## Your instructions:
Output exactly the lines from the line with "Toyota Highlander LE" through the end of the records below. Include nothing else.

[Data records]
::::

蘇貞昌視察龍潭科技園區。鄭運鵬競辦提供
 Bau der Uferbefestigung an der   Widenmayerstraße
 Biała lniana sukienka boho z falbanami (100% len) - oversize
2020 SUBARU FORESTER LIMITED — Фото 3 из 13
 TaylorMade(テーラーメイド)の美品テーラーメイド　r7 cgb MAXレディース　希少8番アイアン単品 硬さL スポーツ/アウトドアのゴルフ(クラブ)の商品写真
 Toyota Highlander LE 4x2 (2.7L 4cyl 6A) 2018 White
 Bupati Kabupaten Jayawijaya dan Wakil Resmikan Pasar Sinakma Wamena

::::

## Output:
 Toyota Highlander LE 4x2 (2.7L 4cyl 6A) 2018 White
 Bupati Kabupaten Jayawijaya dan Wakil Resmikan Pasar Sinakma Wamena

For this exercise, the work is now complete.